The console outputs related to Ivy operations appear with both the java version
mbalduini commented 3 years ago

Any update on this issue?

I tested the code with the most recent version and the behaviour persists

mathbunnyru commented 3 years ago

@mbalduini I've tried several solutions, but I didn't find something working, I think you need to somehow configure pyspark.sql logger (I haven't used pyspark, that's why I can't help you).

mathbunnyru commented 3 years ago

Another option would be to somehow configure jupyterlab / jupyterlab cell to not to show stderr (or sth like this). I don't know if it's easily possible.

mbalduini commented 2 years ago

Hi @mathbunnyru thank you for your effort. Unfortunately I tried several option too but no success yet, even with the latest release.

Do you have any further information or suggestions to cope with this problem?

romainx commented 2 years ago

Hello @mbalduini and @mathbunnyru,

I have looked into this problem in more depth. The modification of the notebook output comes from one of the changes made in the release 6.0.0 of ipykernel.

All outputs to stdout/stderr should now be captured, including subprocesses and output of compiled libraries (blas, lapack....). In notebook server, some outputs that would previously go to the notebooks logs will now both head to notebook logs and in notebooks outputs.

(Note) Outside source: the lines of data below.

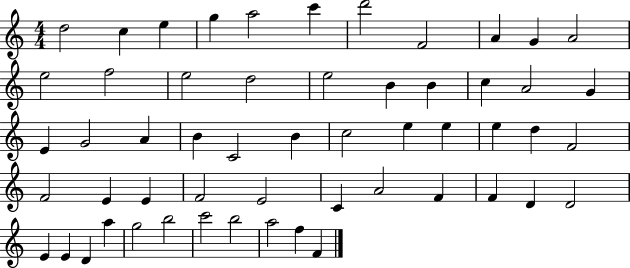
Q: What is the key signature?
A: C major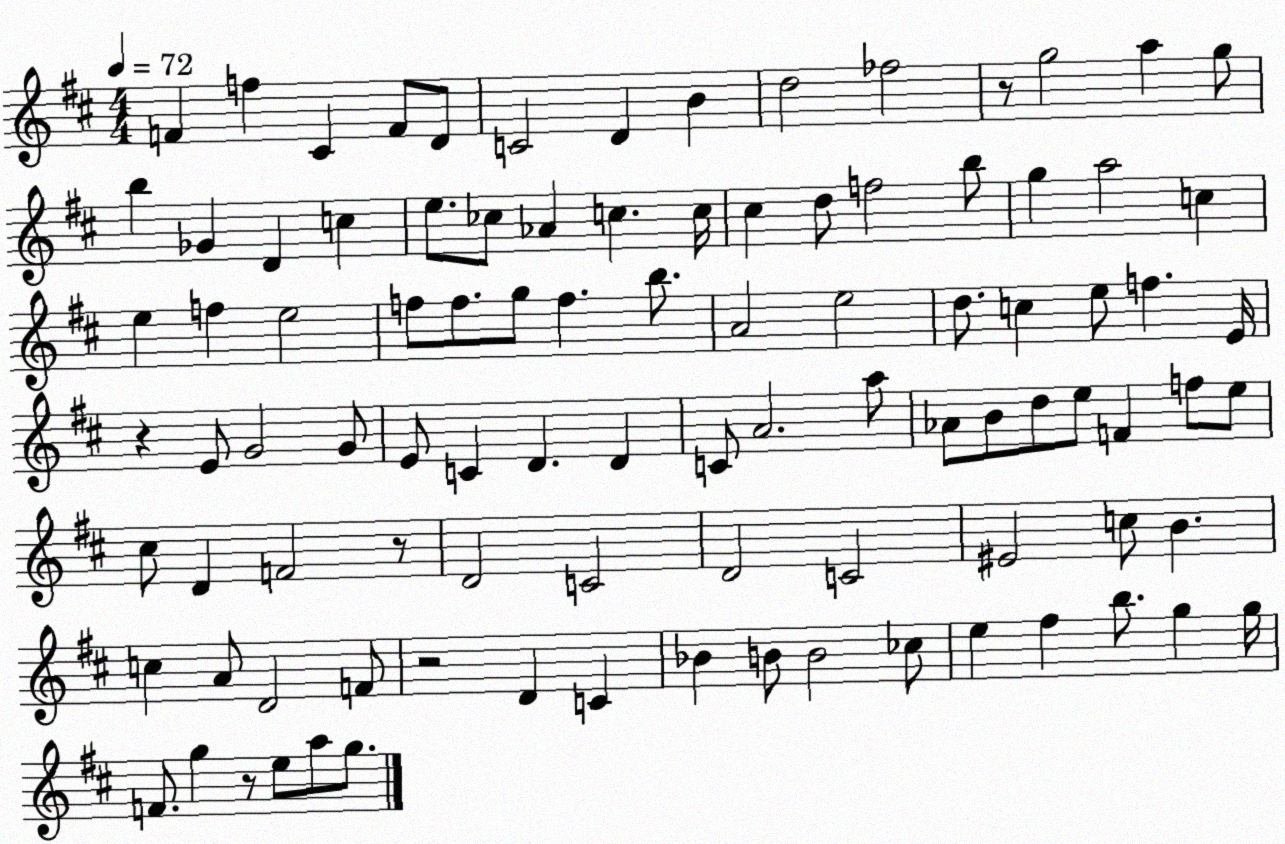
X:1
T:Untitled
M:4/4
L:1/4
K:D
F f ^C F/2 D/2 C2 D B d2 _f2 z/2 g2 a g/2 b _G D c e/2 _c/2 _A c c/4 ^c d/2 f2 b/2 g a2 c e f e2 f/2 f/2 g/2 f b/2 A2 e2 d/2 c e/2 f E/4 z E/2 G2 G/2 E/2 C D D C/2 A2 a/2 _A/2 B/2 d/2 e/2 F f/2 e/2 ^c/2 D F2 z/2 D2 C2 D2 C2 ^E2 c/2 B c A/2 D2 F/2 z2 D C _B B/2 B2 _c/2 e ^f b/2 g g/4 F/2 g z/2 e/2 a/2 g/2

A subsequent fix provides a way to restore the previous behavior. The fix consists in disabling the capture new behavior by turning it off through the capture_fd_output flag, see the following comment for more detail -> https://github.com/ipython/ipykernel/issues/795#issuecomment-960642330.

You can configure it by turning it off in your ipython profile.

# create a default profile
ipython profile create

Edit the file ~/.ipython/profile_default/ipython_kernel_config.py and add the following line.

c.IPKernelApp.capture_fd_output = False

That's it ! All the outputs from Java, Spark and Ivy will no more be displayed in the notebook but only in the logs. We have to check if we could / should do something here to provide this configuration by default. @mathbunnyru what is your opinion?

mathbunnyru commented 2 years ago

@romainx nice!

I think we can try to add this file to pyspark image (it will also be included in all-spark). I think these logs are noisy and everyone using spark sees them and they don't make a lot of sense, if everything goes right.

romainx commented 2 years ago

@mathbunnyru 👍 And in fact they still appear in the container logs even after this change. I will draft a PR for that (this will be the opportunity to start my contributions here again 😄).